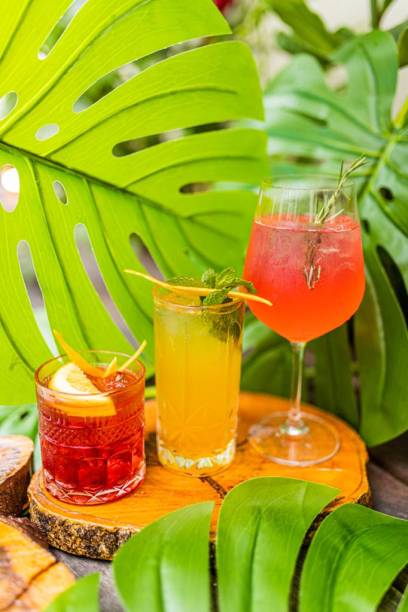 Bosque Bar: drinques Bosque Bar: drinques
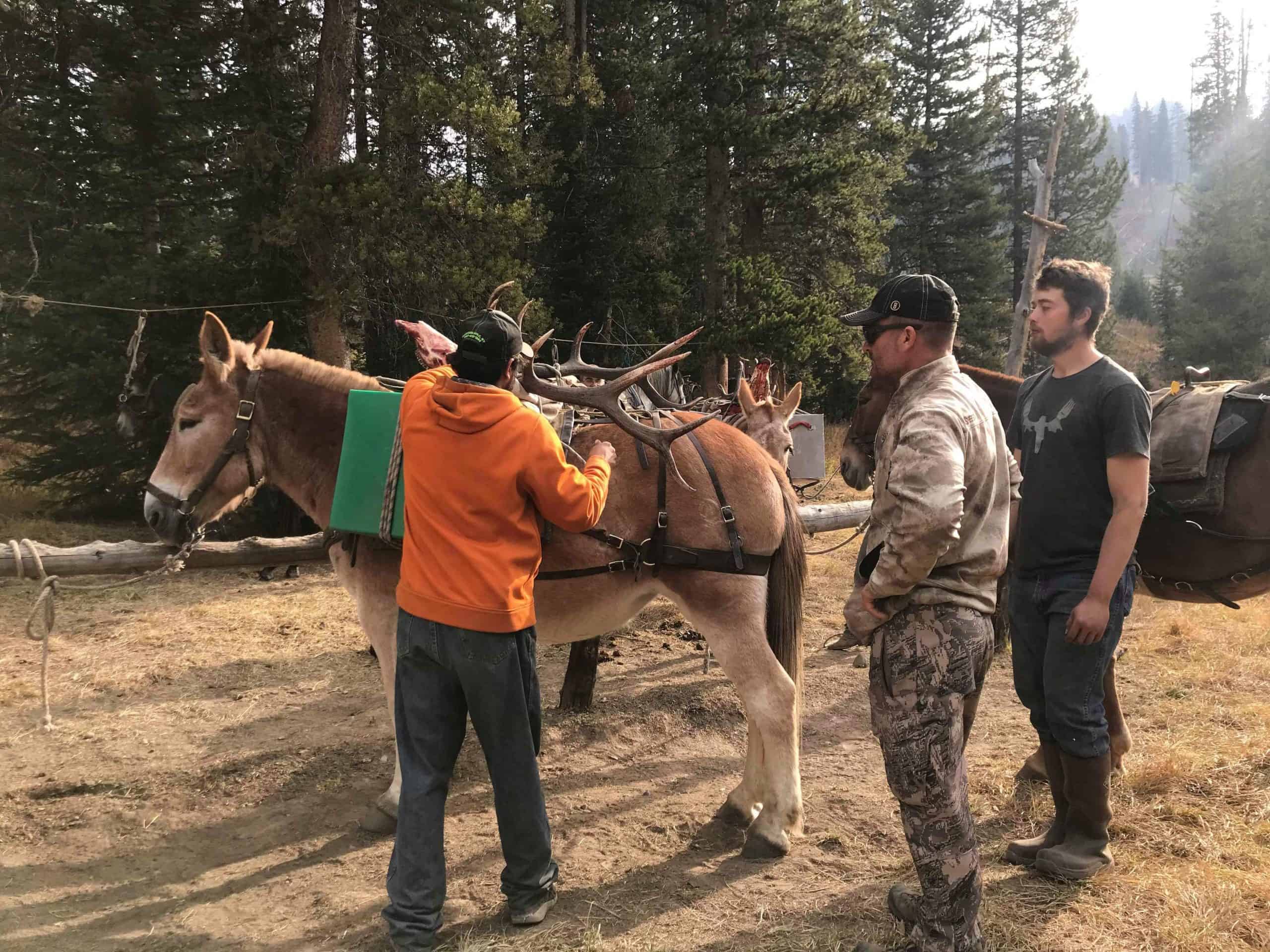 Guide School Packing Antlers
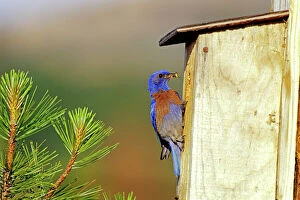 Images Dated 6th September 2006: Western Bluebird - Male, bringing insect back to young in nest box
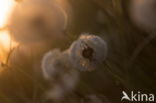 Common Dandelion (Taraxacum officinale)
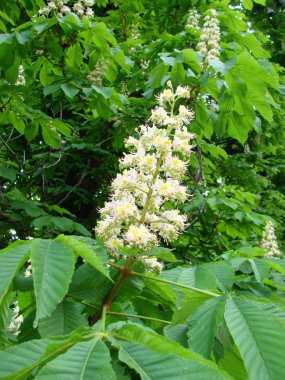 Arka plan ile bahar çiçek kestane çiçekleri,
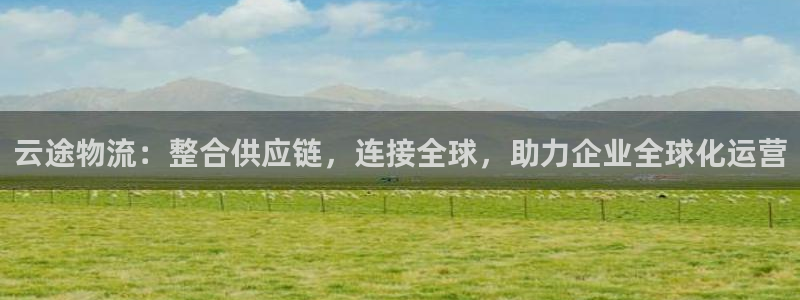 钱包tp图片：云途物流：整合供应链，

*Aim of the exercise*
Would you return the entries verbatim, minus any images?

*Task response*
 Bosque Bar: drinques Bosque Bar: drinques
 Guide School Packing Antlers
 Images Dated 6th September 2006: Western Bluebird - Male, bringing insect back to young in nest box
 Common Dandelion (Taraxacum officinale)
 Arka plan ile bahar çiçek kestane çiçekleri,
 钱包tp图片：云途物流：整合供应链，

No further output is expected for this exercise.